**TRY IT:**
Every record is to be printed exactly as written, and any picture in it is skipped.

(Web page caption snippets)
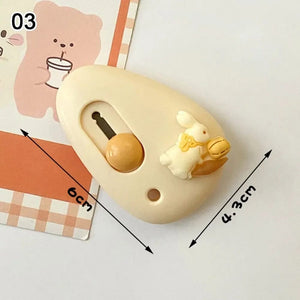 Planet Gates 1pc-03 1PC Mini Utility Knife Cute Retractable Letter Opener Box Cutter Portable Carton Opener Paper Cutting Tool Random Color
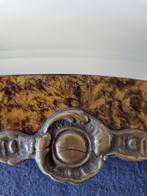 Spiegel - geslepen spiegel glas hout verguld gips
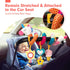 hahaland Car Seat Toys for Babies 0-6 Months Girl - Rattle, Mirror, Crinkle, Squeaky Stroller Toys for Development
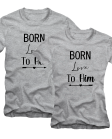 Marškinėliai Poroms Born Love Marškinėliai Poroms Born Love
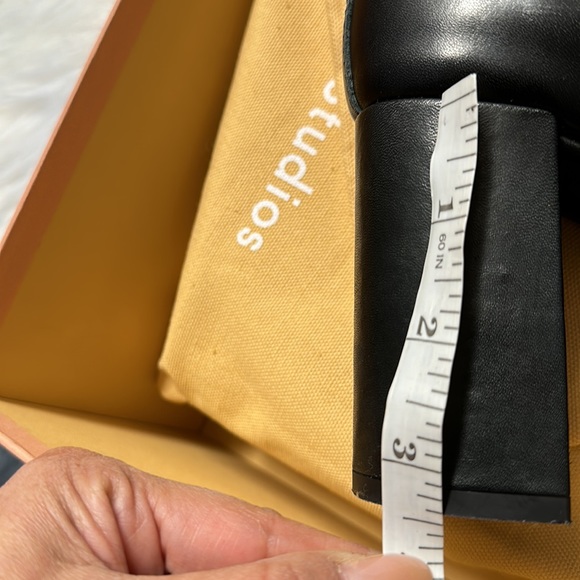 ACNE STUDIOS LEATHER PLATFORM BOOTS - Picture 8 of 16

**EXPECTED ANSWER:**
 Planet Gates 1pc-03 1PC Mini Utility Knife Cute Retractable Letter Opener Box Cutter Portable Carton Opener Paper Cutting Tool Random Color
 Spiegel - geslepen spiegel glas hout verguld gips
 hahaland Car Seat Toys for Babies 0-6 Months Girl - Rattle, Mirror, Crinkle, Squeaky Stroller Toys for Development
 Marškinėliai Poroms Born Love Marškinėliai Poroms Born Love
 ACNE STUDIOS LEATHER PLATFORM BOOTS - Picture 8 of 16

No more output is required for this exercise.